The website uscap.org is currently inaccessible, returning a 403 Forbidden error page. This indicates that access to the content is restricted, likely by Cloudflare's security mechanisms as evidenced by the use of Cloudflare nameservers. Due to this restriction, no meaningful content, metadata, or business information is available for analysis. The domain is well-established, created in 1998 and registered via GoDaddy, with no suspicious WHOIS patterns detected. However, the lack of DNSSEC and security headers suggests room for improvement in domain and website security configurations. Overall, the website's digital presence is currently blocked, limiting the ability to assess its business model, services, or compliance posture.

P

PIPNI s.r.o.

pipni.cz

43

PIPNI s.r.o. is a Czech-based hosting provider established in 2001, offering a comprehensive suite of hosting services including WebHosting, VPS, VirtualBox, and domain registration. The company positions itself as a modern and reliable hosting provider with a strong market presence, hosting over 50,000 domains and more than 1,000 virtual servers. Their business model focuses on providing automated, secure, and scalable hosting solutions primarily targeting individuals and businesses in need of Linux-based hosting platforms. The website is professionally designed, well-structured, and provides clear pricing and service information in Czech with an English language option. Technically, the website employs a variety of JavaScript libraries such as jQuery and Sequence.js to enhance user experience and interactivity. Hosting is self-managed, with a focus on Linux platforms and SSD storage options. The site is mobile optimized and SEO friendly, though accessibility features are basic. Security practices include HTTPS with free SSL certificates and an emphasis on ISO certifications, but lack explicit security headers and cookie consent mechanisms. From a security perspective, the website demonstrates a moderate security posture with no visible vulnerabilities or exposed sensitive data. However, improvements are recommended in implementing security headers, cookie consent, and publishing incident response or vulnerability disclosure policies. The WHOIS data confirms the legitimacy of the domain and company, showing consistent registration details aligned with the business claims. Overall, PIPNI s.r.o. presents a trustworthy and professional hosting service with room for enhancement in privacy compliance and security best practices. Strategic recommendations include adopting comprehensive cookie consent, enhancing security headers, and formalizing vulnerability disclosure processes to strengthen their security and compliance posture.

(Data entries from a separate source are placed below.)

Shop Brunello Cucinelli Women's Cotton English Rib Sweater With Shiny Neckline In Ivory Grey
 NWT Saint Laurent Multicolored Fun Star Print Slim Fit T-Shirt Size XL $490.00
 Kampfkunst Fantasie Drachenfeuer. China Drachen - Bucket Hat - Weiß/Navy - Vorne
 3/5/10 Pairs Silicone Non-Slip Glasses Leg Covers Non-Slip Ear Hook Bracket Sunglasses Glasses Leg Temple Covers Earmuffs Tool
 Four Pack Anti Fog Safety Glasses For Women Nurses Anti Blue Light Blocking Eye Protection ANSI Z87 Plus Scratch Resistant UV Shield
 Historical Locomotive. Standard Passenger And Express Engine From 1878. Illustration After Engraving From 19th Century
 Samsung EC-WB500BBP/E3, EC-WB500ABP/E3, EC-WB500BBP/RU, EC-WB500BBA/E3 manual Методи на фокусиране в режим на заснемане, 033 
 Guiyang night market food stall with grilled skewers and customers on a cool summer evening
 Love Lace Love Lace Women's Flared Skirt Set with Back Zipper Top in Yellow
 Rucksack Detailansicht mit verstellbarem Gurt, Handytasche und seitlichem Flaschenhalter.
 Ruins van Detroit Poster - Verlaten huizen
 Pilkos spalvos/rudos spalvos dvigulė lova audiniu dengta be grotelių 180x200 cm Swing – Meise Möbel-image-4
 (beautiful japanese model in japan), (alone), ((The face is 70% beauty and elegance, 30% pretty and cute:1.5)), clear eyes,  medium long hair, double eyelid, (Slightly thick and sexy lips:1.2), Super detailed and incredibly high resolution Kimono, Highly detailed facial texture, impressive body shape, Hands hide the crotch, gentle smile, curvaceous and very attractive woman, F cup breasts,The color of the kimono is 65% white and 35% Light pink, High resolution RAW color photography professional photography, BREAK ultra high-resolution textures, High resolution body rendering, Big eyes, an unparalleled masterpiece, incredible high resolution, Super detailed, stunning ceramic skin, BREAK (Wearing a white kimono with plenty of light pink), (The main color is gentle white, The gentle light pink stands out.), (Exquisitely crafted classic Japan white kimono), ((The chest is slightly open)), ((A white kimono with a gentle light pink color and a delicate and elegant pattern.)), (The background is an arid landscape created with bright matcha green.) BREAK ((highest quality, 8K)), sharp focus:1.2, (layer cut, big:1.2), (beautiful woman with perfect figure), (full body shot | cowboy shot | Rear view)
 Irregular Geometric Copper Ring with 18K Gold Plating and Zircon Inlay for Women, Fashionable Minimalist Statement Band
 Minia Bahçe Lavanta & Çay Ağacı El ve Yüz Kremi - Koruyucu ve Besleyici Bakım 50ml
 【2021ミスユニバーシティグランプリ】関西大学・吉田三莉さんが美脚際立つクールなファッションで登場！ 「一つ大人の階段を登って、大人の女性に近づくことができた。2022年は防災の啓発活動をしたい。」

The website emblemprague.com is currently inaccessible, returning a 403 Forbidden error page that blocks access to any meaningful content. The domain is registered since 2013 with Tucows Domains Inc., indicating a potentially established business, but no business or contact information is available on the website itself. The lack of privacy, cookie, or terms of service policies further limits the ability to assess compliance or user engagement. Technically, the site lacks DNSSEC and security headers, and no analytics or tracking scripts are detected. Overall, the website's digital presence is minimal and blocked, resulting in a low content quality and poor user experience.